In 1948, he was sworn in as the first president of the Republic of Korea and was reelected in 1952, 1956 and 1960 before being forced to step down by student demonstrations against election-rigging in the 1960 election. While in office, Rhee guided the country through the Korean War and ensured that the new democracy retained its independence. South Korea also carried out major reconstruction projects and land reform under his leadership that provided jobs and gave farmland to more citizens.

But while in office, Rhee also cracked down on political dissent, amended the constitution to allow presidential elections to be determined by popular vote and to extend the number of terms that one could be president, and was implicated in an election fraud scandal during the 1960 elections that sparked widespread student demonstrations calling for him to step down.
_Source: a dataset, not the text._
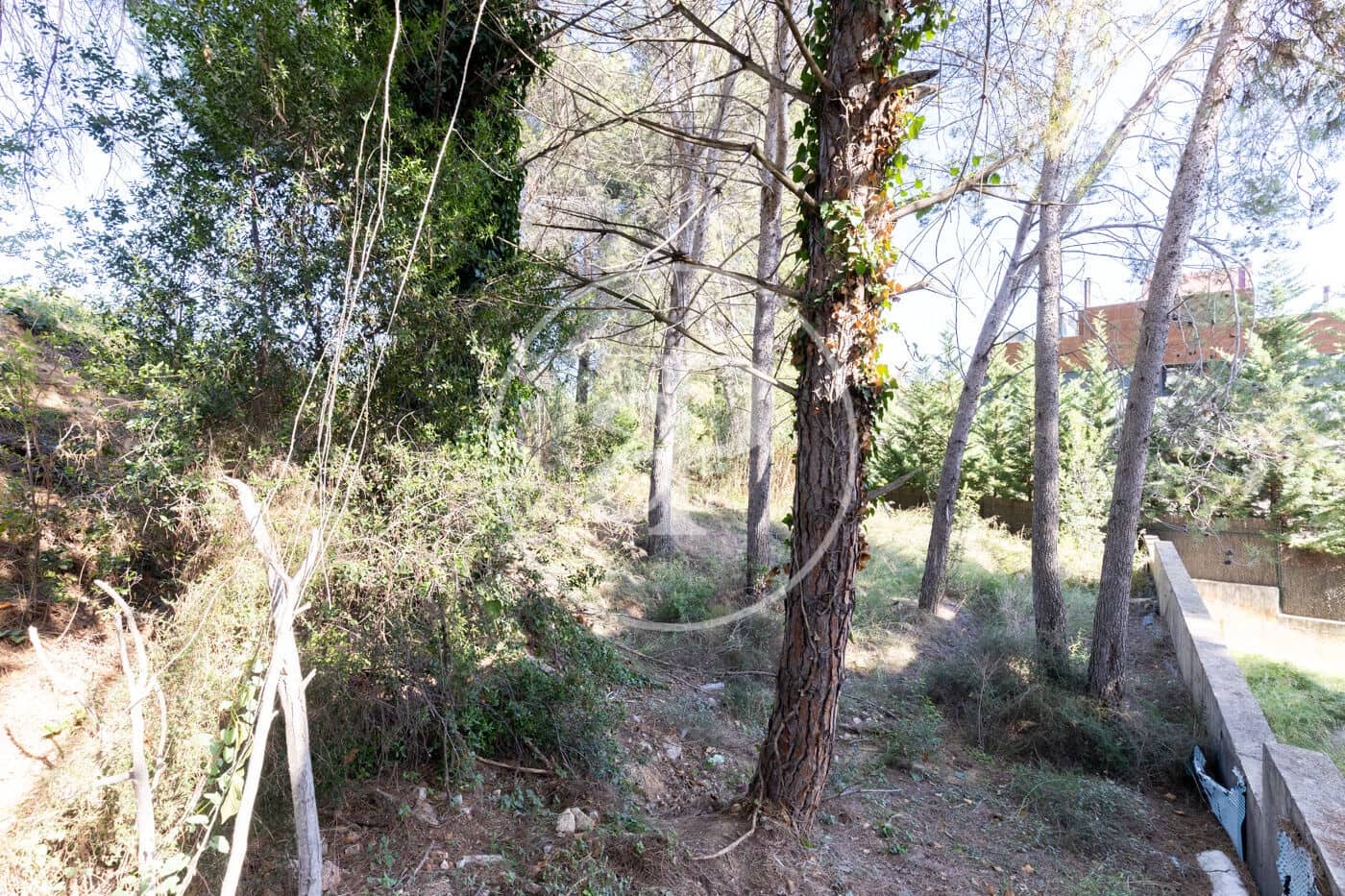 Mark till salu i Bellaterra - 490 000 € (Ref: 9375316)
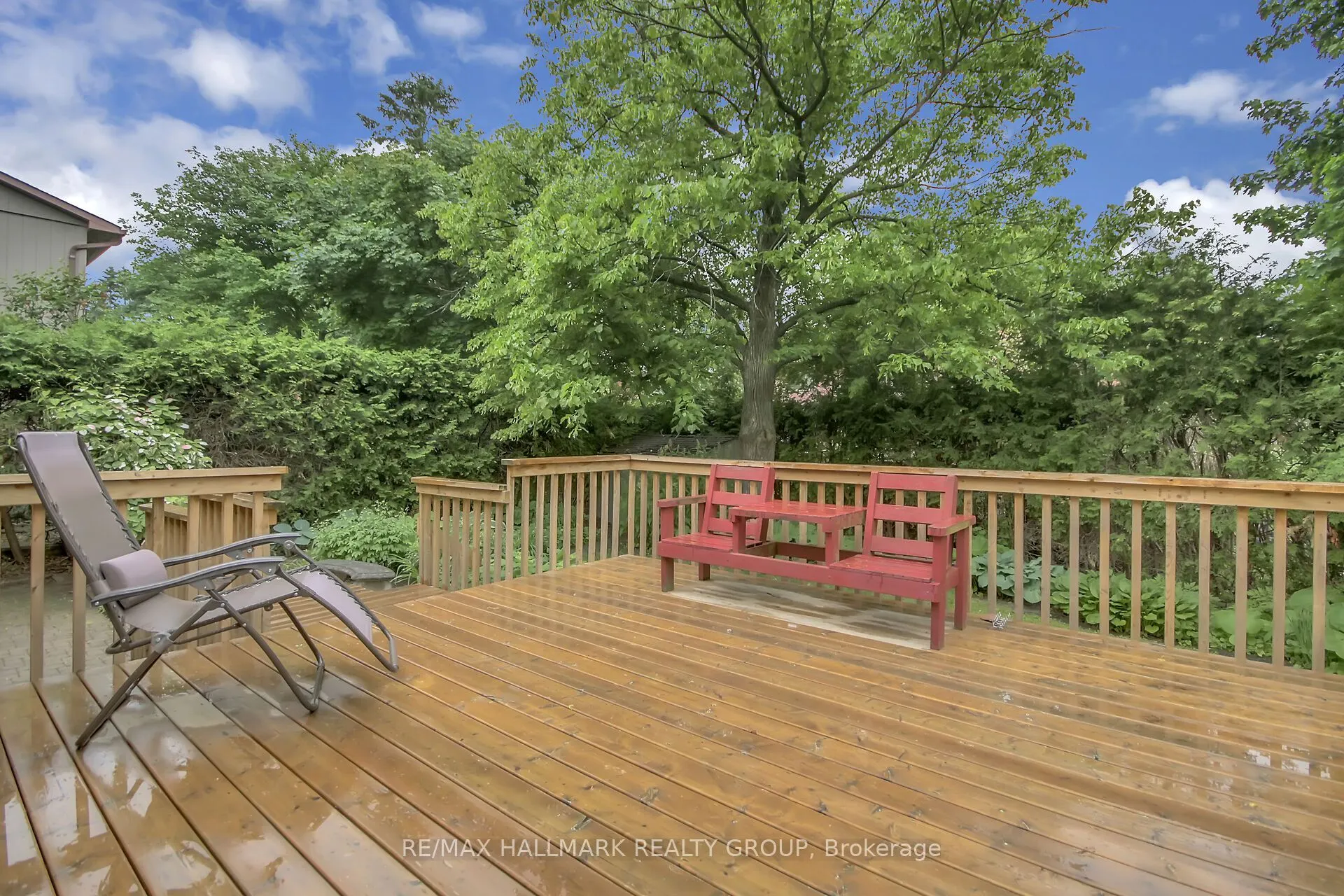 30 Brodeur Crescent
After the 1960 April Revolution that removed him from power, Rhee returned to Hawaii to live in exile. General Park Chung-hee seized control of the country in a coup d’etat the next year. Rhee died in Hawaii in 1965.

Despite the controversies surrounding Rhee’s legacy, many Koreans, like the members of the Princeton Club of Korea, view the former president and his education at Princeton positively.

“I think it’s a general feeling among Koreans that Syngman Rhee’s Princeton education was very important for him to lead Korea and to defend Korea from North Korean aggression as president,” Kim explained. “Many Koreans are very grateful to Princeton for that, and that’s why the alumni of Princeton in Korea did this kind of effort.”

Stephanie Park ’13, president of the Korean American Student Association, declined to comment on the dedication, explaining that the club does not take stands on political issues.

The renaming of Bowl 16 will take place in Robertson Hall on Oct. 3. After the naming, former South Korean Prime Minister Chung Un-chan GS ’78 will deliver a public address at 4:30 p.m. in Dodds Auditorium.